#### Requirement
Please restate word for word all lines from the one containing "TOP COMICS TOP" to the final line of the entries, and include no pictures.

[Excerpted records Boundary: Start]

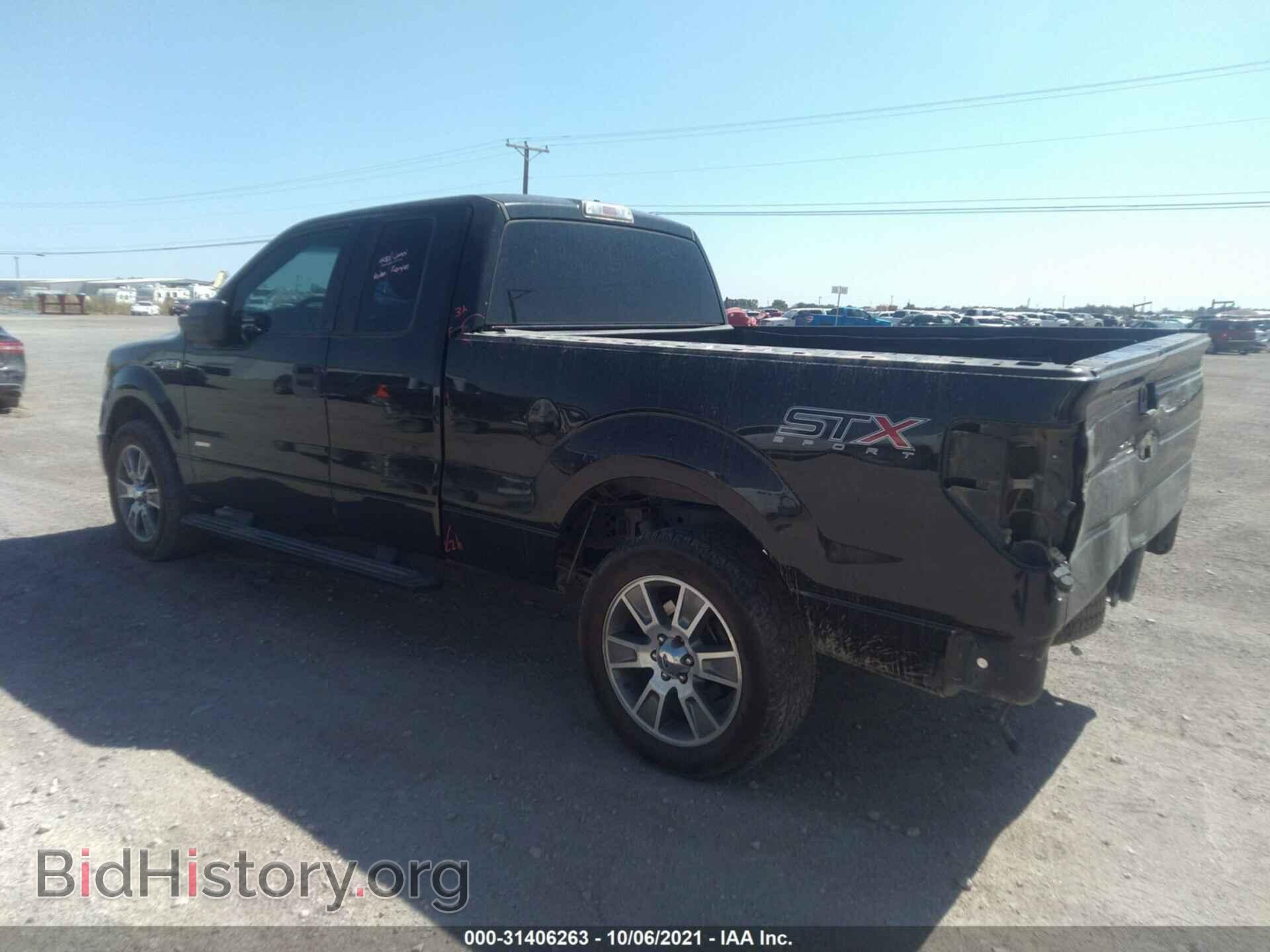 2014 FORD F-150 - VIN: 1FTFX1CF0EKE88616 - Photo 3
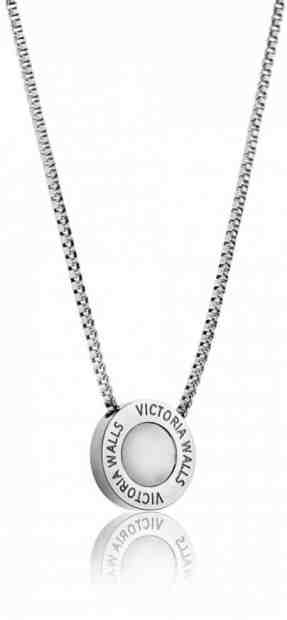 Victoria Walls Ocelový náhrdelník VN1053S + 2 měsíce na vrácení zboží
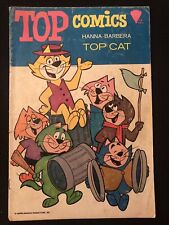 TOP COMICS TOP CAT 1 2.5 GOLD KEY 1960 MISSING CENTERFOLD 2 PAGES UV picture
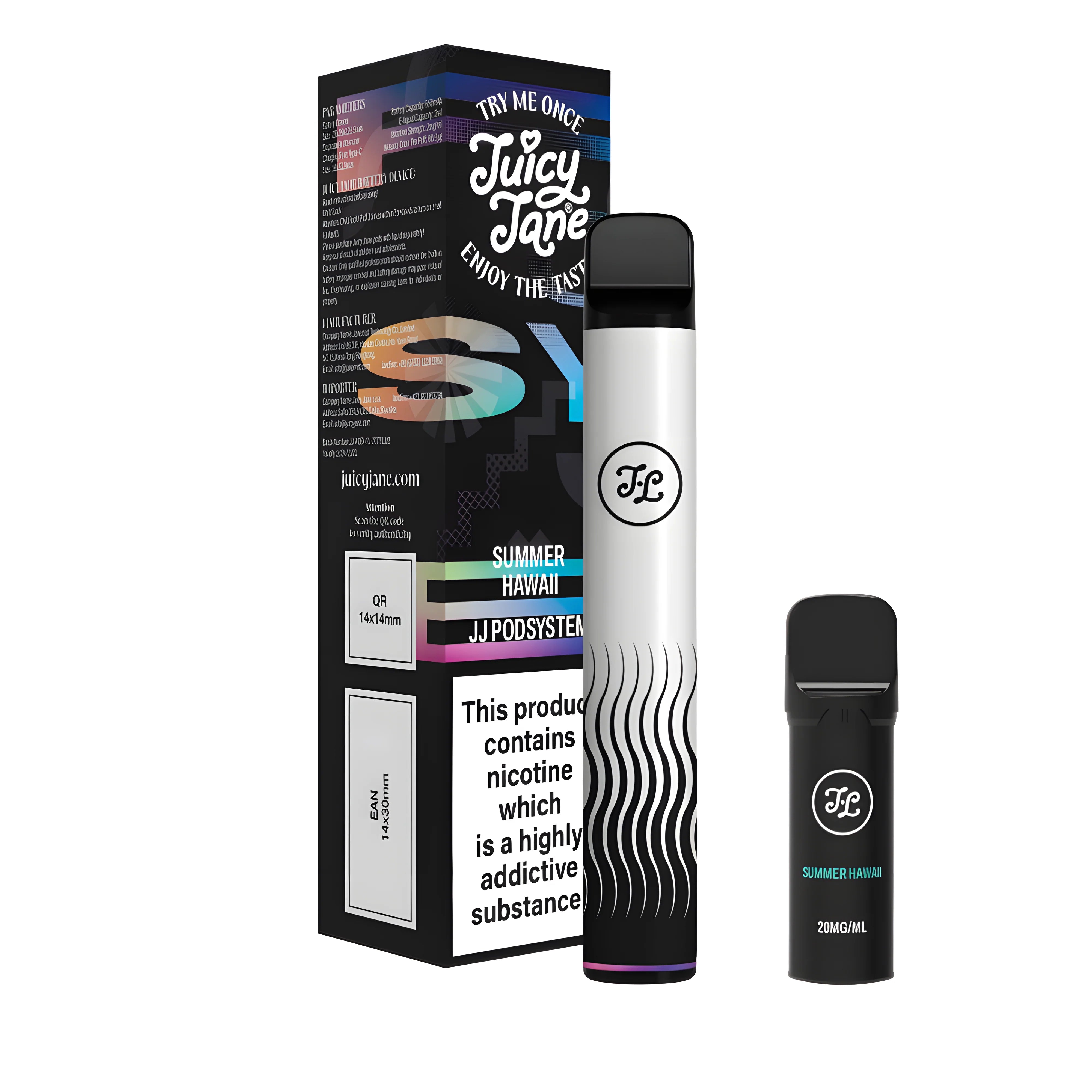 Juicy Jane Pod Kit Summer Hawaii – termékkép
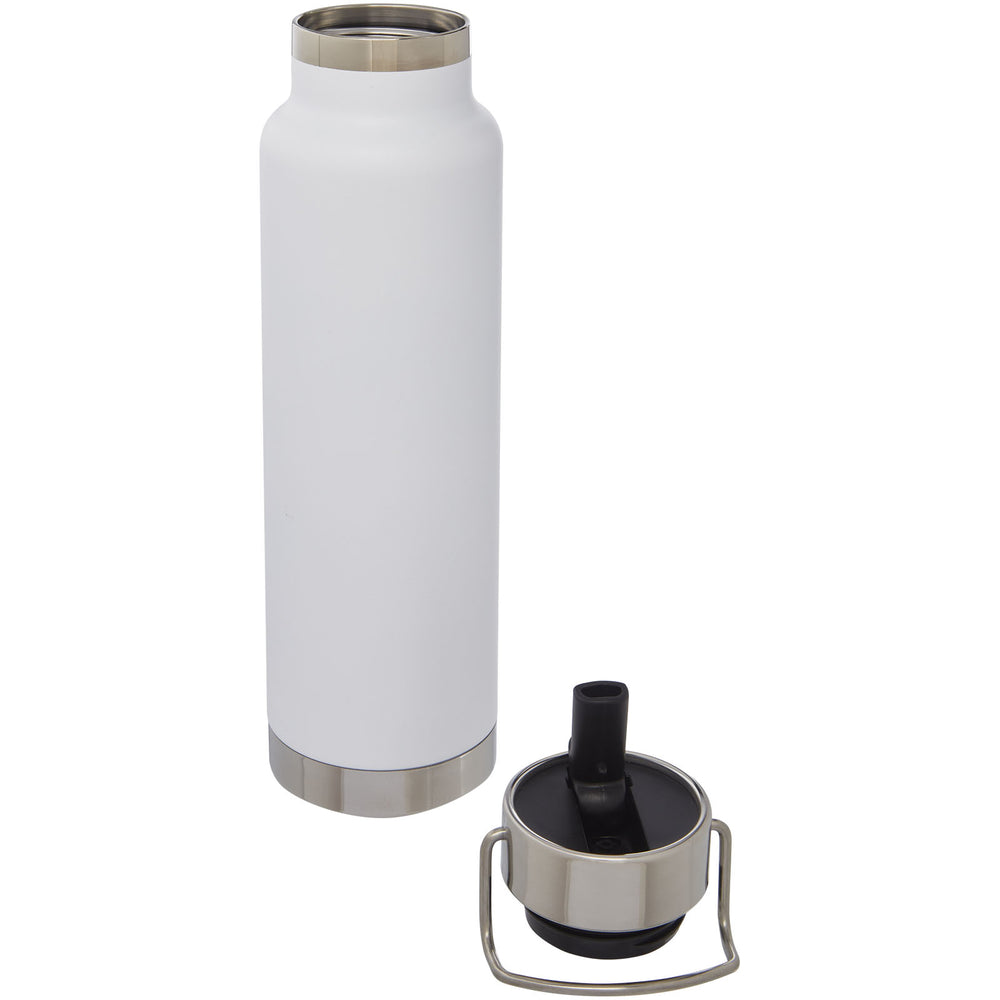 Branded Thor 750 ml copper vacuum insulated sport bottle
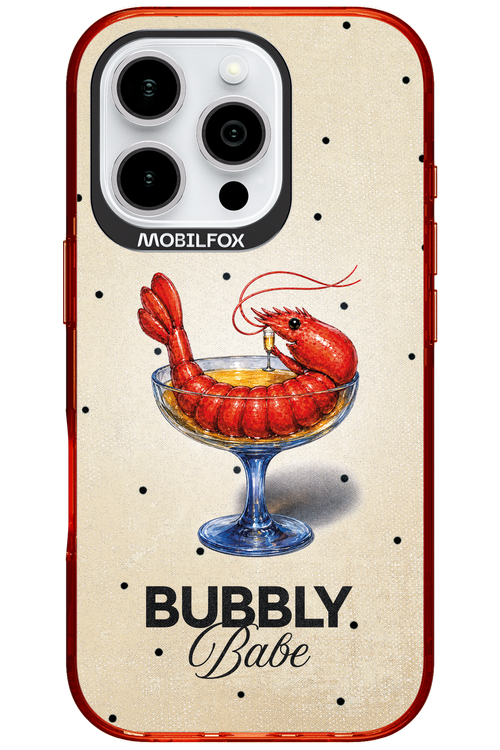 Bubbly Babe 2.0 - Apple iPhone 16 Pro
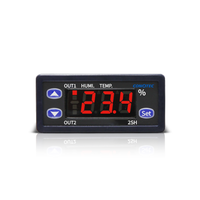 CONOTEC-controlador Digital de humedad CNT-2SH-1, dispositivo de control de humedad, humedad, pantalla de temperatura, uso de alta temperatura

[Excerpted records Boundary: End]

#### Answer space
 TOP COMICS TOP CAT 1 2.5 GOLD KEY 1960 MISSING CENTERFOLD 2 PAGES UV picture
 Juicy Jane Pod Kit Summer Hawaii – termékkép
 Branded Thor 750 ml copper vacuum insulated sport bottle
 Bubbly Babe 2.0 - Apple iPhone 16 Pro
 CONOTEC-controlador Digital de humedad CNT-2SH-1, dispositivo de control de humedad, humedad, pantalla de temperatura, uso de alta temperatura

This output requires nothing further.